In implementing the various levels of synchronization herein, sub-sets of this set of sub-tasks can be viewed as partial synchronization tasks to be allocated between threads in an effort to improve throughput of the system. Therefore address formats of instructions specifying a synchronization level effectively act as parameters to offload sub-tasks from or to the thread containing the synchronization instruction. If a particular sub-task implicated by the memory synchronization instruction is not performed by the thread containing the memory synchronization instruction, then the implication is that some other thread will pick up that part of the memory synchronization function. While particular levels of synchronization are specified herein, the general concept of distributing synchronization sub-tasks between threads is not limited to any particular instruction type or set of levels.
Physical DesignThe Global OR tree needs attention to layout and pipelining, as its latency affects the performance of the sync operations.
In the current embodiment, the cycle time is 1.25 ns. In that time, a signal will travel 2 mm through a wire. Where a wire is longer than 2 mm, the delay will exceed one clock cycle, potentially causing unpredictable behavior in the transmission of signals. To prevent this, a latch should be placed at each position on each wire that corresponds to 1.25 ns, in other words approximately every 2 mm. This means that every transmission distance delay of 4 ns will be increased to 5 ns, but the circuit behavior will be more predictable. In the case of the msync unit, some of the wires are expected to be on the order of 10 mm meaning that they should have on the order of five latches.
Due to quantum mechanical effects, it is advisable to protect latches holding generation information with Error Correcting Codes (“ECC”) (4b per 3b counter data). All operations may include ECC correction and ECC regeneration logic.
The global broadcast and generation change interfaces may be protected by parity. In the case of a single cycle upset, the request or counter value transmitted is ignored, which does not affect correctness of the logic.
Software InterfaceThe Msync unit will implement the ordering semantics of the PPC hwsync, lwsync and mbar instruction by mapping these operations to the full sync.

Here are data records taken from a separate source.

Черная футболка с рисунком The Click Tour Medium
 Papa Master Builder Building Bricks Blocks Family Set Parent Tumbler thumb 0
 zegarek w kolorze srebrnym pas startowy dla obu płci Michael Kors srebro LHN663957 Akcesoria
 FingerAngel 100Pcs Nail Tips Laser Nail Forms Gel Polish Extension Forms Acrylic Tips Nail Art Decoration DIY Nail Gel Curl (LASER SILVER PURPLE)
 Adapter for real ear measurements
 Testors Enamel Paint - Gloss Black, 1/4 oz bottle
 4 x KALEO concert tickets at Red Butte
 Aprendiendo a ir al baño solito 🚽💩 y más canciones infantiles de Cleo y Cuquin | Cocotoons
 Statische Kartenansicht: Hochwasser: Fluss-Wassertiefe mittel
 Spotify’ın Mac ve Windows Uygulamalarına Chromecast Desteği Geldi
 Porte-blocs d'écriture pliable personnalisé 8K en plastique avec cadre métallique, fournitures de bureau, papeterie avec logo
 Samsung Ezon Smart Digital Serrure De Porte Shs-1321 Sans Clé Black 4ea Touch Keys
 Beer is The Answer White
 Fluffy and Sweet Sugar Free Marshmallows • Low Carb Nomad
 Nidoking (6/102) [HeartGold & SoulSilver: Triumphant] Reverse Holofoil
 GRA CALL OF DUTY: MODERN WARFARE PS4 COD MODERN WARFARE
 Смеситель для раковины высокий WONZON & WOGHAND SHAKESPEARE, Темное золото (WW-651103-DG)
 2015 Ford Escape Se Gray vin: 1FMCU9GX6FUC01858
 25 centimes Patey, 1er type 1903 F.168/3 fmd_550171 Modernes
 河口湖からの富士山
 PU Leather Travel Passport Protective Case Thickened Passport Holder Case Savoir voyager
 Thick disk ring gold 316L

Although the embodiments of the present invention have been described in detail, it should be understood that various changes and substitutions can be made therein without departing from spirit and scope of the inventions as defined by the appended claims. Variations described for the present invention can be realized in any combination desirable for each particular application. Thus particular limitations, and/or embodiment enhancements described herein, which may have particular advantages to a particular application need not be used for all applications. Also, not all limitations need be implemented in methods, systems and/or apparatus including one or more concepts of the present invention.
The flowchart and block diagrams in the Figures illustrate the architecture, functionality, and operation of possible implementations of systems, methods and computer program products according to various embodiments of the present invention. In this regard, each block in the flowchart or block diagrams may represent a module, segment, or portion of code, which comprises one or more executable instructions for implementing the specified logical function(s). It should also be noted that, in some alternative implementations, the functions noted in the block may occur out of the order noted in the figures. For example, two blocks shown in succession may, in fact, be executed substantially concurrently, or the blocks may sometimes be executed in the reverse order, depending upon the functionality involved. It will also be noted that each block of the block diagrams and/or flowchart illustration, and combinations of blocks in the block diagrams and/or flowchart illustration, can be implemented by special purpose hardware-based systems that perform the specified functions or acts, or combinations of special purpose hardware and computer instructions.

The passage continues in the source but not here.